**Task brief**
Print everything in the records exactly. Leave the pictures out.

**** Available data

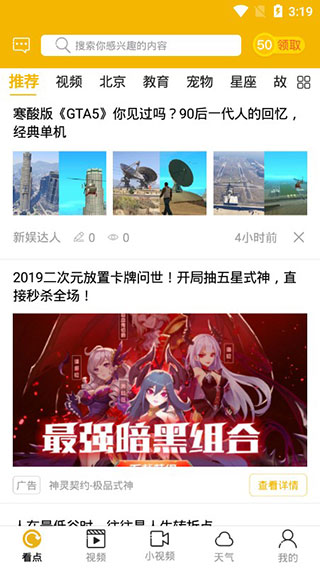 小熊宝图一 小熊宝图一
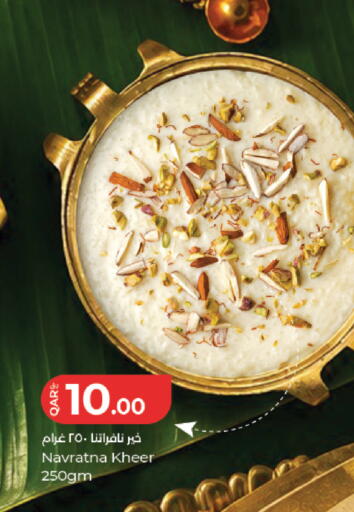 available at لولو هايبرماركت in قطر - الضعاين
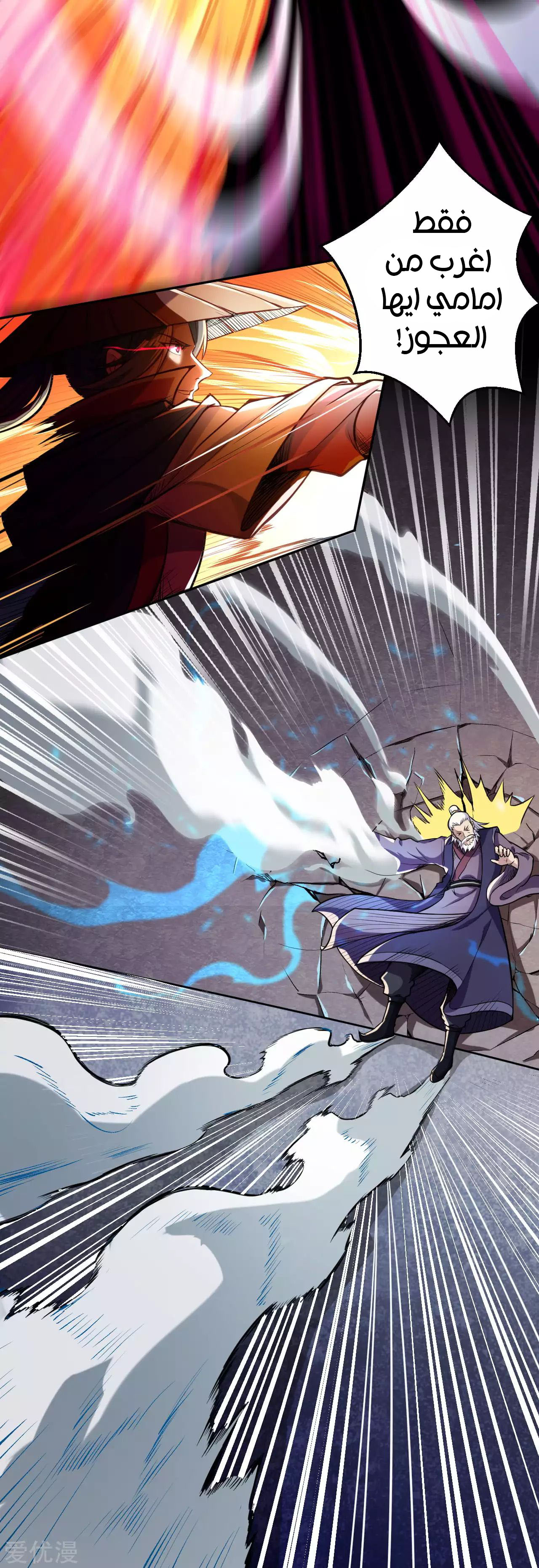 Against the gods: Chapter 223 - Page 4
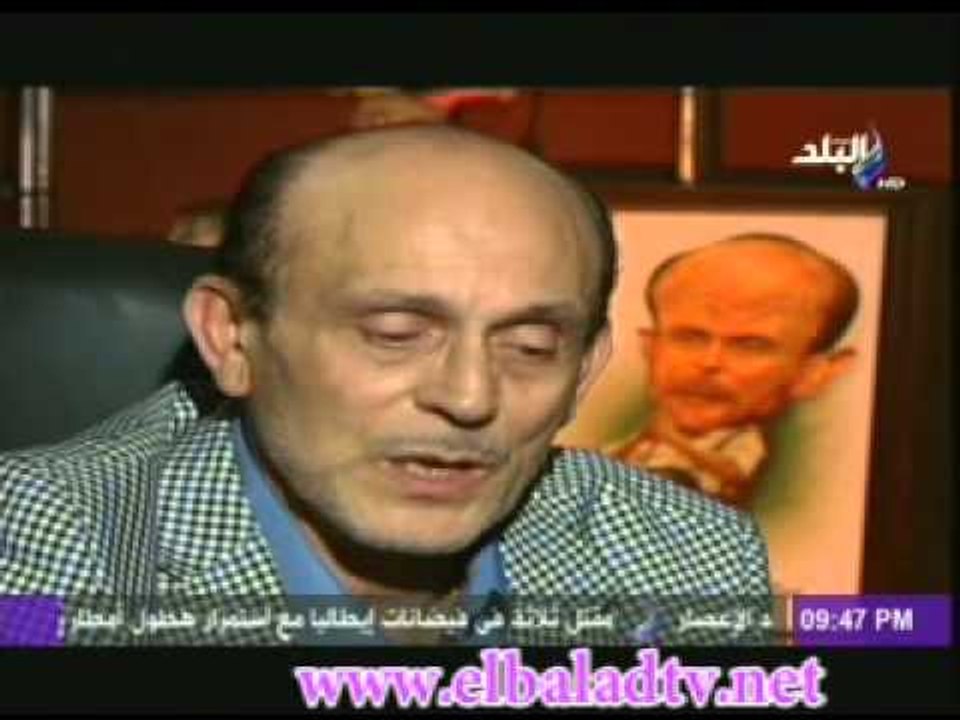 محمد صبحى: بستعد لاخر جزء من يوميات ونيس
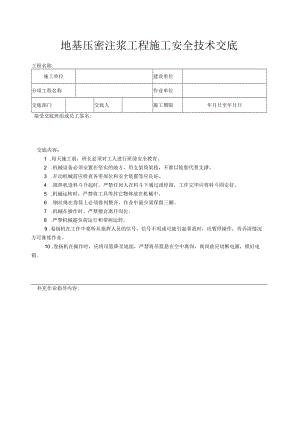 地基压密注浆工程施工安全技术交底.docx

********

**Final answer**
 小熊宝图一 小熊宝图一
 available at لولو هايبرماركت in قطر - الضعاين
 Against the gods: Chapter 223 - Page 4
 محمد صبحى: بستعد لاخر جزء من يوميات ونيس
 地基压密注浆工程施工安全技术交底.docx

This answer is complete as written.